We are now in the heart of the theory of Fourier transform. To prove Fourier inversion formula, we first need the following proposition.

Proposition 1. If $f, g\in\mathcal{M}$ then

    $$\int_{-\infty}^{\infty} f(x)\hat{g}(x)dx=\int_{-\infty}^{\infty}\hat{f}(y) g(y)dy$$

Before we prove the proposition, we need to discuss the interchange of the order of integration for double integrals. Suppose $F(x, y)$ is a continuous function in the plane. If $F(x, y)$ is absolutely integrable, that is, if

$$\iint|F(x, y)| dxdy <\infty$$
 
then we have

$$\iint F(x, y) dxdy=\iint F(x, y) dydx$$

from Fubini's theorem. Finally, we define

$$F_1(x)=\int_{-\infty}^{\infty} F(x, y) dy\;\;\;\text{and}\;\;\;F_2(y)=\int_{-\infty}^{\infty}F(x, y)dx$$

then they are both continuous if $F$ is continuous on the plane and decreases moderately on both variables : that is, if $F$ satisfies

$$|F(x, y)|\le \frac{A}{(1+x^2)(1+y^2)}$$.

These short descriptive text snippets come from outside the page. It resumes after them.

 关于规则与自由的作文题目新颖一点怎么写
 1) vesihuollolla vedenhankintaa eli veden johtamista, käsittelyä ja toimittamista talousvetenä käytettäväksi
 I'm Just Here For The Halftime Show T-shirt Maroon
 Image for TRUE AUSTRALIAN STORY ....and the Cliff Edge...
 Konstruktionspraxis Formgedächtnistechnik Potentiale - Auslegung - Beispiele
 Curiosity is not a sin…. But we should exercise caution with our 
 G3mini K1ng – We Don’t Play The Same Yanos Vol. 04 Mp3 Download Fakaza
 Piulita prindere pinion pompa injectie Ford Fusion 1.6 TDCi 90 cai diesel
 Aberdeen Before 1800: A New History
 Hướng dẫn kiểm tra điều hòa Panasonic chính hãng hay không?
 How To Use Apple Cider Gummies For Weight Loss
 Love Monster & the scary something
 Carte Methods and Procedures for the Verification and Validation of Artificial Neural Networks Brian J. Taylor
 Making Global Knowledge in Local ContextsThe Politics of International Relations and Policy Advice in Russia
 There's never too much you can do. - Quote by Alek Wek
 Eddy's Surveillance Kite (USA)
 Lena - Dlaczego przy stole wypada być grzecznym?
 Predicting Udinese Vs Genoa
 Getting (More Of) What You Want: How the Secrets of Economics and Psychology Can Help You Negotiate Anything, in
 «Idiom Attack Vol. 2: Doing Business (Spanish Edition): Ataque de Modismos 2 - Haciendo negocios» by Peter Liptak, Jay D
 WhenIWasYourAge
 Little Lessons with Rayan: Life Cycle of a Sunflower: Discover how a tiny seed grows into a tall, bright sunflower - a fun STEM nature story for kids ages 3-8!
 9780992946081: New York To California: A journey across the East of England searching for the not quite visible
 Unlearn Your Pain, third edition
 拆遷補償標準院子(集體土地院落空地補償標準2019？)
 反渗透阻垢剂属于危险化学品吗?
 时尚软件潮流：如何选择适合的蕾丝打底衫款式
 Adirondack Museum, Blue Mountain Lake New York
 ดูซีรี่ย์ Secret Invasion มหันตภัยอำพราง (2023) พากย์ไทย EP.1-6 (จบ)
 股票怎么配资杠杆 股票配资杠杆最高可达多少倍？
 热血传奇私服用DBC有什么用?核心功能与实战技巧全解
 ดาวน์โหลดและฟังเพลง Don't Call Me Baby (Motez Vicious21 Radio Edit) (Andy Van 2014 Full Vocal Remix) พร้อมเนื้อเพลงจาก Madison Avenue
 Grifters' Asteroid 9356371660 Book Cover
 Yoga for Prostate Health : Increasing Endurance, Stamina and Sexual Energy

In this case, first note that

$$\int_{-\infty}^{\infty} F_1(x) dx=\int_{-\infty}^{\infty} F_2(y) dy$$

from the above argument. Next, it is obvious that $F_1(x)$ and $F_2(y)$ decrease moderately on the variable $x$ and $y$ respectively. Now we show that they are both continuous functions.

From the decay condition, we may take large $N$ such that

$$\int_{|y|\ge N} |F(x, y)|dy <\epsilon$$

for all $x\in\mathbb{R}$. Then we have

\begin{align*}
    |F_1(x+h)-F_1(x)|&\le\int_{-\infty}^{\infty}|F(x+h, y)-F(x, y)| dy \\
    & = \int_{|y|\le N} |F(x+h, y)-F(x, y)| dy+\int_{|y|\ge N} |F(x+h, y)-F(x, y)| dy\\
\end{align*}

The second integral is bounded by $2\epsilon$. For the first integral, since $F$ is continuous, it is uniformly continuous on the compact interval $[-N-1, N+1]$. Then there exists uniform $0<h_0<1$ such that $|h|<h_0$ implies $|F(x+h, y)-F(x, y)|<\epsilon/N$ for all $x\in[-N, N]$. This bounds the first integral by $2\epsilon$. Thus $F_1$ is uniformly continuous on $\mathbb{R}$. The same argument applies to $F_2$, concluding it is also uniformly continuous on $\mathbb{R}$.

Now we are ready to prove the proposition.

proof. Define $F(x, y)=f(x)g(y)e^{-2\pi ixy}$ then $F_1(x)=f(x)\hat{g}(x)$ and $F_2(y)=\hat{f}(y)g(y)$. If $f, g\in\mathcal{M}$ then $F$ decreases moderately on both variables in the sense that

    $$|F(x, y)|\le \frac{A}{(1+x^2)(1+y)^2}$$

then $F_1$ and $F_2$ are both continuous and satisfies

    $$\int_{-\infty}^{\infty} F_1(x) dx=\int_{-\infty}^{\infty} F_2(y) dy \;\Rightarrow\; \int_{-\infty}^{\infty} f(x)\hat{g}(x)dx=\int_{-\infty}^{\infty}\hat{f}(y) g(y)dy $$

which is precisely the assertion of the proposition.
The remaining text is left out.